Prime Minister Boris Johnson’s foreword to the strategy predicts: “In 2050, we will still be driving cars, flying planes and heating our homes, but our cars will be electric, gliding silently around our cities, our planes will be zero-emission allowing us to fly guilt-free.”
However, it also acknowledges the need for modal shift and more active travel to complement private car use, saying: “We will increase the share of journeys taken by public transport, cycling and walking, investing £3 billion to transform bus services and £2 billion for cycling. Accelerating the decarbonisation of transport will save lives and significantly reduce noise, making our urban centres more enjoyable places to live.”
- Other policy commitments in the strategy include commitments to:
- Take action to increase average road vehicle occupancy from 1.55 to 1.7, with work under way to build the evidence base ‘to understand the barriers and potential policies to increase the uptake of shared mobility’;
- Transform local transport systems, with 4,000 new zero-emission buses and the infrastructure to support them;
- Deliver the National Bus Strategy’s vision of a transformed bus industry and a green bus revolution;
- The UK’s first all-electric bus city to be delivered with £50 million to fund up to 300 electric buses and charging infrastructure;
- Take forward the pledge to end the sale of all new, non-zero-emission road vehicles by 2040, from motorcycles to buses and HGVs, subject to consultation. A consultation on an appropriate date to end the sale of new non-zero-emission buses and on the appropriate supporting policy and regulatory framework has already begun. The Government will also consult on a phase out date for the sale or purchase of new non-zero-emission coaches;
- Support decarbonisation by investing more than £12 billion in local transport systems over the current parliament;
- Consult this year on a phase-out date of 2035, or earlier if a faster transition appears feasible, for the sale of new non-zero-emission two and three wheelers and other L-category vehicles;
- Make quantifiable carbon reductions a fundamental part of local transport planning and funding, with Local Transport Plans (LTPs) to set out how local areas will deliver ambitious carbon reductions in line with carbon budgets and net zero;
- Embed transport decarbonisation principles in spatial planning and across transport policy making, and;
- Reduce the barriers to data sharing across the transport sector.
The Government has already committed to end the sale of new petrol and diesel cars and vans from 2030 and, from 2035, all new cars and vans must be zero-emission at the tailpipe. The proposed new zero-emission vehicle mandate will set targets, with the details subject to further consultation, for a percentage of manufacturers’ new car and van sales to be zero-emission each year from 2024.

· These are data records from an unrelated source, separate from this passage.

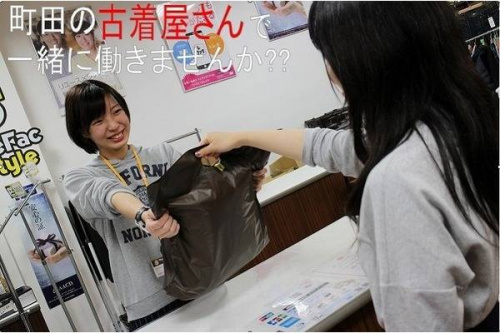 町田のアルバイト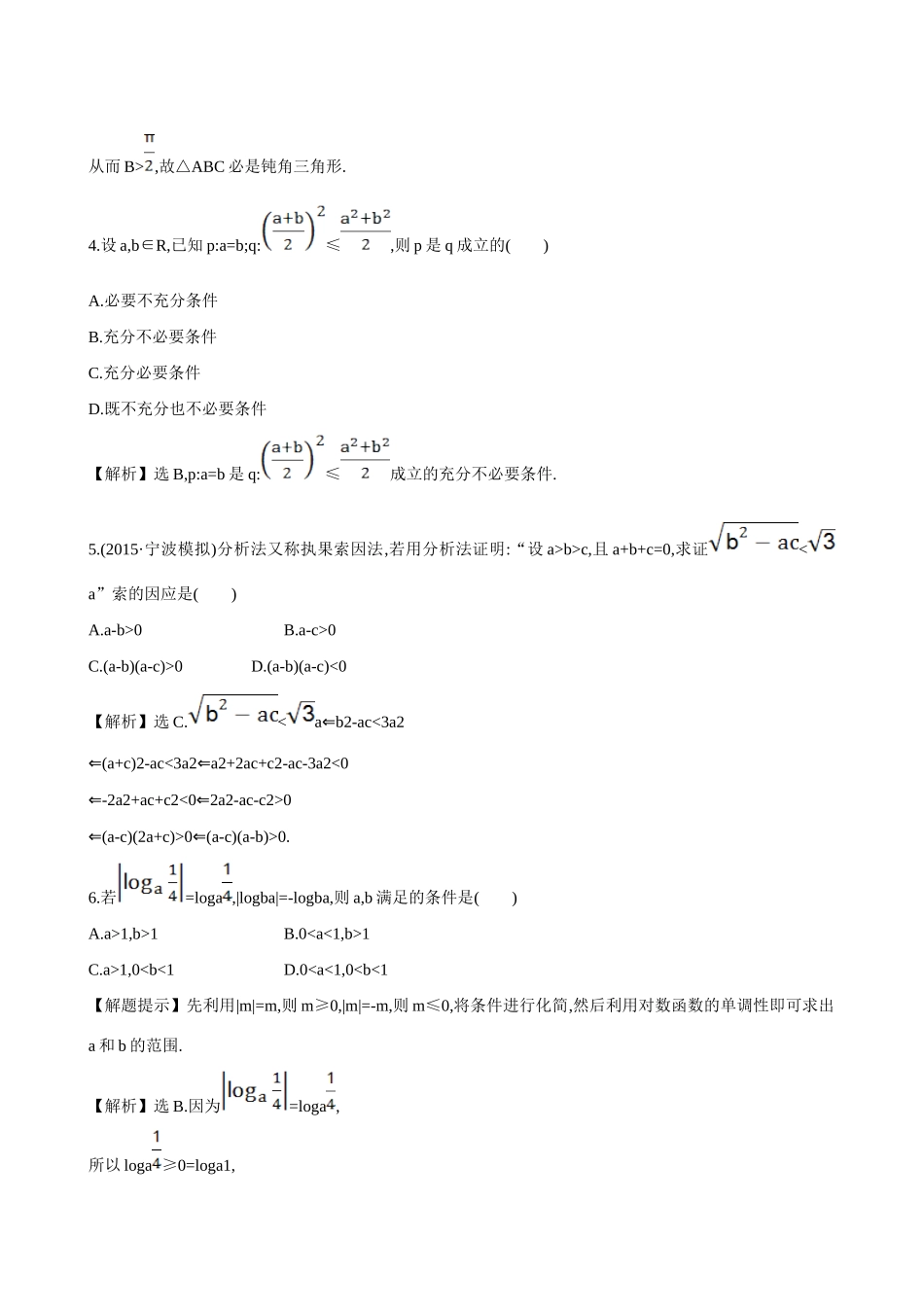 （全国通用）高考数学 6.6 直接证明与间接证明练习-人教版高三全册数学试题_第2页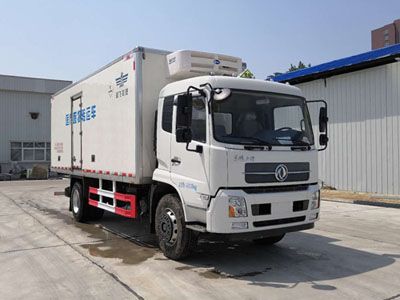 Xinfei  XKC5180XYY5D Medical waste transfer vehicle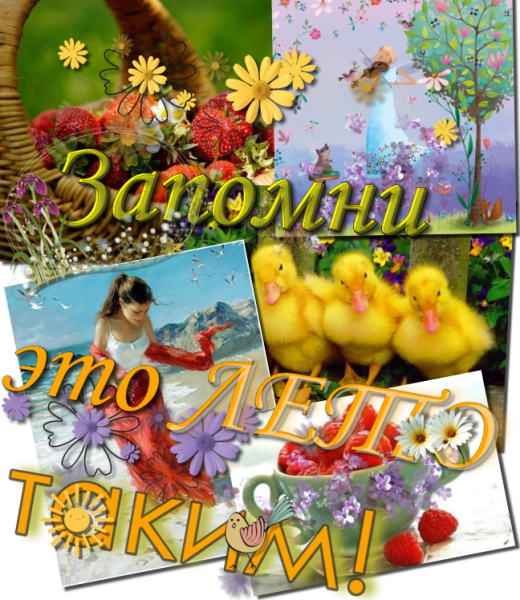 Открытки последние дни уходящего лета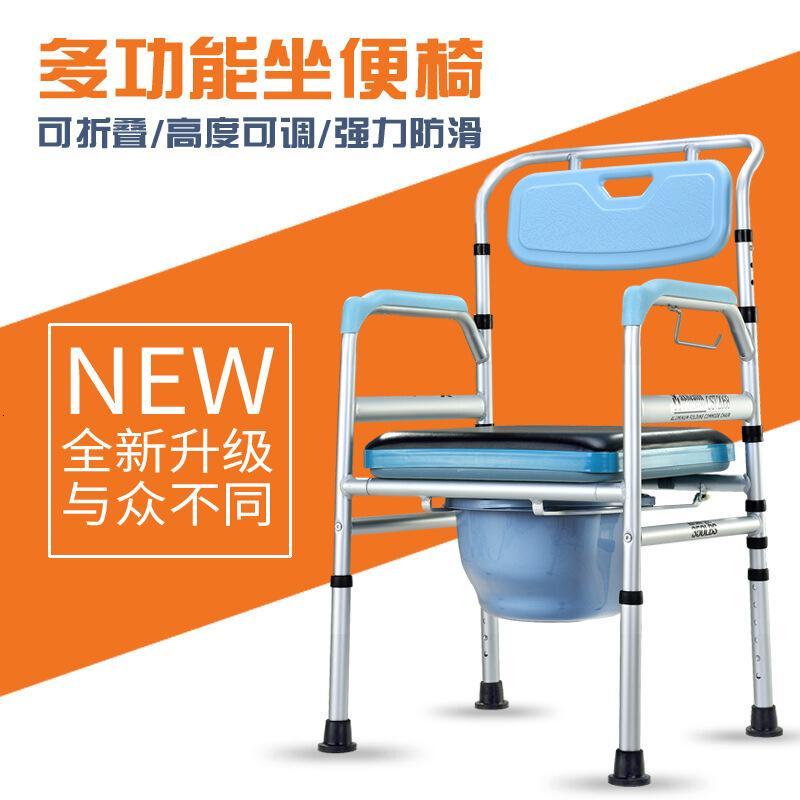 壹德壹医疗家具铝合金便盆老人坐便椅孕妇座便器可折叠洗澡椅残疾人马桶椅壹德壹 价格图片品牌报价 苏宁易购安心抵家装专营店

There is also a commitment, starting later this year, to publish an EV infrastructure strategy, setting out the Government’s vision for infrastructure rollout, and the roles for the public and private sectors in achieving it.
Commenting on the Net Zero Strategy, Zemo Partnership’s CEO, Andy Eastlake said: “The Government recognises that transport is now the biggest sector for carbon emissions and is tackling this huge challenge on a wide range of fronts.
“The zero-emission mandate is a potentially powerful new lever in the policymakers’ armoury and will help to ensure that the phase-out dates for internal combustion-engined vehicles are met, or exceeded. I’m particularly pleased to see mentions of the potential for smaller, L-category, vehicles to contribute to this agenda as well as the commitment to continue to focus on decarbonising fuels for as long as they remain a significant part of our transport energy mix – two areas of activity that Zemo Partnership has consistently championed. As is clearly stated in the detail of the document, technology will have to be complemented by behaviour changes in all aspects of mobility if we’re to achieve the net zero target. This is almost certainly the most challenging but, undoubtedly, the most exciting time ever to be working in transport.”
A spokesperson for the Confederation of Passenger Transport (CPT) said: “The Net Zero Strategy rightly recognises the importance of more journeys being made by bus and coach instead of by car, but we must not underestimate the scale of this challenge and targets for this switch are noticeably absent from the strategy. The Committee on Climate Change says that we need to see one in 10 car journeys made today made by bus by 2030 to reach net zero. This requires action now to begin to change peoples’ behaviour. Buses can be made a more attractive option given greater priority in road space allocation via the ongoing Bus Service Improvement Plan process and sufficient funding at next week’s Spending Review to match the ambition to put buses at the heart of transport networks.”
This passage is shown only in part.